*** EXTRACTED RECORDS ***
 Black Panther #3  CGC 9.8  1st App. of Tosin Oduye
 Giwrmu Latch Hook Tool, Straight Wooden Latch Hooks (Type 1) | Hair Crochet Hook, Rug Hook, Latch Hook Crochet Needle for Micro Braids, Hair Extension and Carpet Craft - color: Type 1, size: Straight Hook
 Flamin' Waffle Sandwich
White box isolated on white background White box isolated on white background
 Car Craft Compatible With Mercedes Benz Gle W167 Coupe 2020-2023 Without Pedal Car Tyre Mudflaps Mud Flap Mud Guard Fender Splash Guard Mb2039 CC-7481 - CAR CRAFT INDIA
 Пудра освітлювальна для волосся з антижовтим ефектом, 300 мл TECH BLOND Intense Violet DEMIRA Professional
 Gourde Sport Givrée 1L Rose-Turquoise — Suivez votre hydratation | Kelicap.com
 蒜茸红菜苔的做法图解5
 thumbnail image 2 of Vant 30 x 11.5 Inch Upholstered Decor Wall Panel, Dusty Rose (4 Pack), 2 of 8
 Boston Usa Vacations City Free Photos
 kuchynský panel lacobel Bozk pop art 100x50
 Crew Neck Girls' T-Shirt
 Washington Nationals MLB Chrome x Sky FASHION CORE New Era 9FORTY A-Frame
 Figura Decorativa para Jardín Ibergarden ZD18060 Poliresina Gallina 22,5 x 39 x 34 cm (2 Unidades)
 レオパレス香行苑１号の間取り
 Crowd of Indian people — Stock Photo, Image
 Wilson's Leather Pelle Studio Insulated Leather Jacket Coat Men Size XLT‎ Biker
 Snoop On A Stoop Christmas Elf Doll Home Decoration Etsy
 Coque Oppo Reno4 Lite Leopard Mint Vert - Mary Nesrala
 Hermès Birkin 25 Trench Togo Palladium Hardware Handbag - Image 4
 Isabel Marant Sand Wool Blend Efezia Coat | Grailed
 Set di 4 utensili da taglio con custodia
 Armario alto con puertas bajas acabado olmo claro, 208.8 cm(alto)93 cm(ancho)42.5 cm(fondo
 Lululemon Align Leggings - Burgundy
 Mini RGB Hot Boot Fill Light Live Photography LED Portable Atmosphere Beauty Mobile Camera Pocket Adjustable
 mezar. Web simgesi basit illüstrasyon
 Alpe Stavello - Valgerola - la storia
*** End of EXTRACTED RECORDS ***
# TASK STATEMENT:
Only lines holding the word "Coat" are wanted; copy each one from the listing.

# OUTPUT:
 Wilson's Leather Pelle Studio Insulated Leather Jacket Coat Men Size XLT‎ Biker
 Isabel Marant Sand Wool Blend Efezia Coat | Grailed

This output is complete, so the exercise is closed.